__Web page caption snippets__
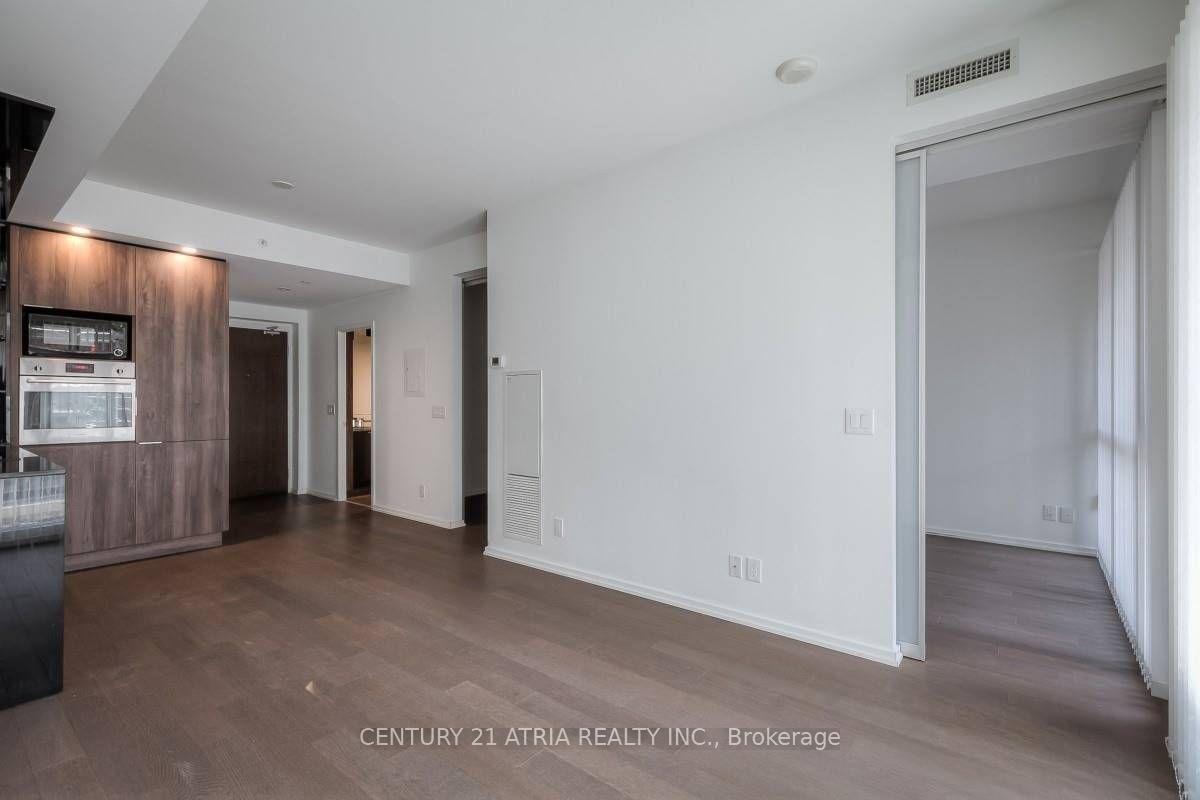 Photo 7 of Unit 2508, 70 Temperance Street, Toronto, Bay Street Corridor — HOMEH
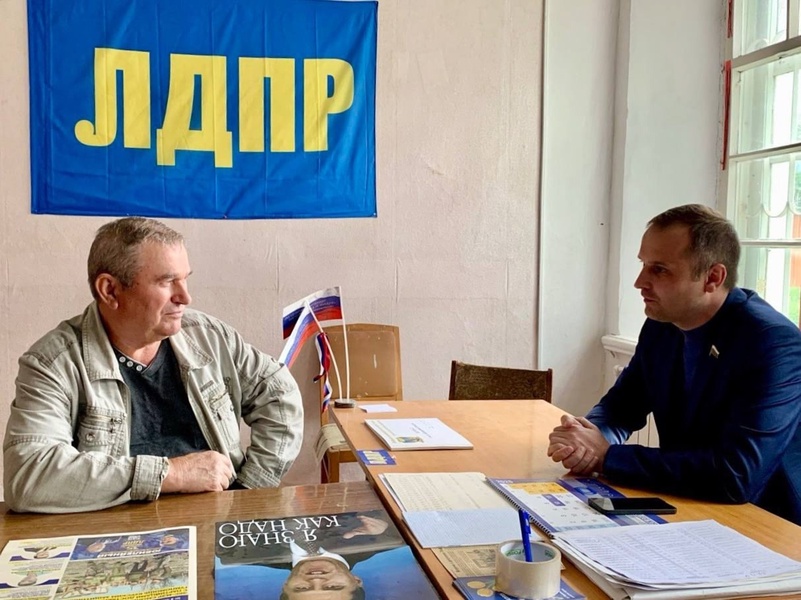 Сергей Леонов провел прием граждан в городе воинской славы Ельня Смоленской области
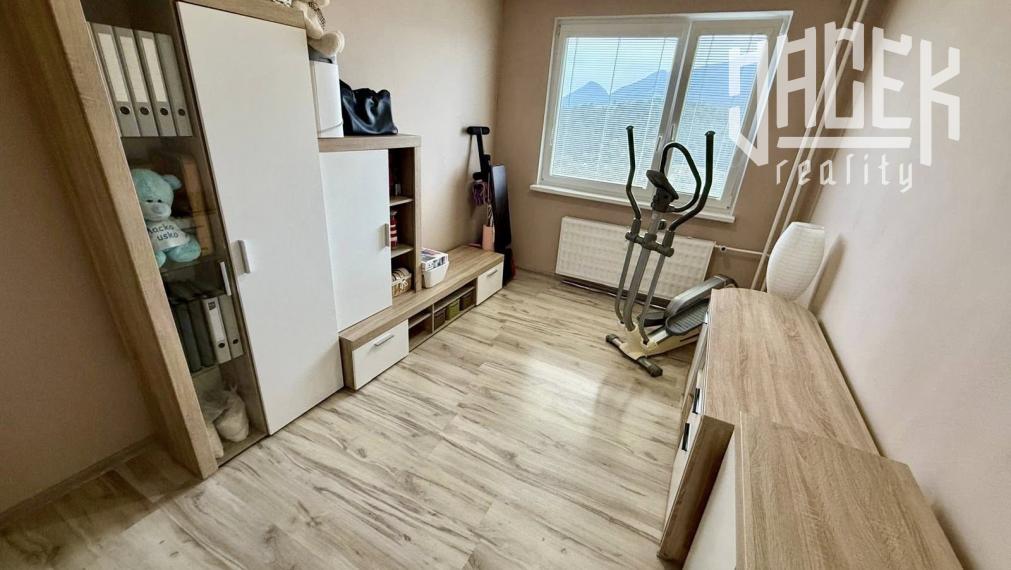 VKUSNÝ A SLNEČNÝ 3-IZBOVÝ BYT NA ROZKVETE V POVAŽSKEJ BYSTRICI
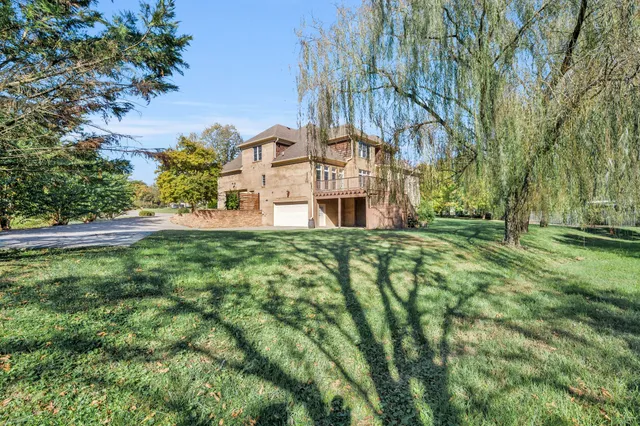 $1,985,000 | 8208 Boxmere Court, Brentwood, TN 37027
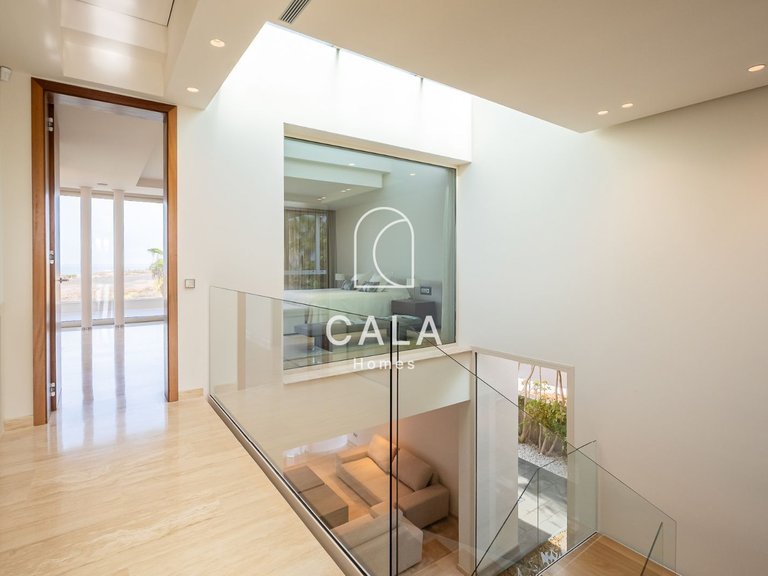 Villa for Sale in La Caleta, Tenerife 33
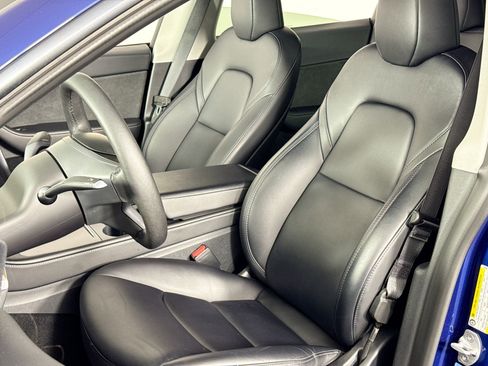 Used 2023 Tesla Model Y Performance image 21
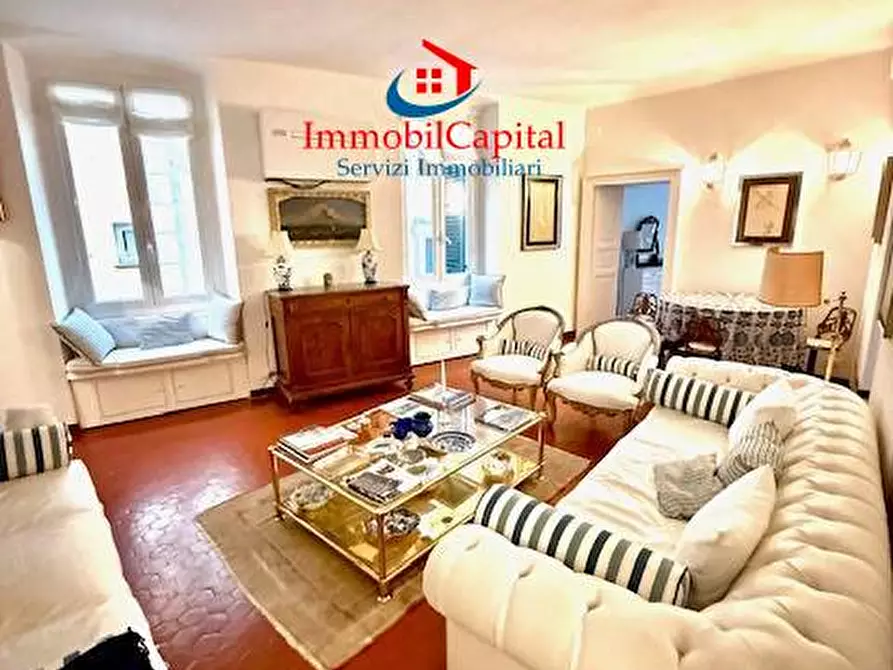 Immagine 3 di Appartamento in vendita  in Via Cavour a Santa Margherita Ligure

__What to produce__
An exact reproduction of the data above is required, with every picture removed.

__Your response__
 Photo 7 of Unit 2508, 70 Temperance Street, Toronto, Bay Street Corridor — HOMEH
 Сергей Леонов провел прием граждан в городе воинской славы Ельня Смоленской области
 VKUSNÝ A SLNEČNÝ 3-IZBOVÝ BYT NA ROZKVETE V POVAŽSKEJ BYSTRICI
 $1,985,000 | 8208 Boxmere Court, Brentwood, TN 37027
 Villa for Sale in La Caleta, Tenerife 33
 Used 2023 Tesla Model Y Performance image 21
 Immagine 3 di Appartamento in vendita  in Via Cavour a Santa Margherita Ligure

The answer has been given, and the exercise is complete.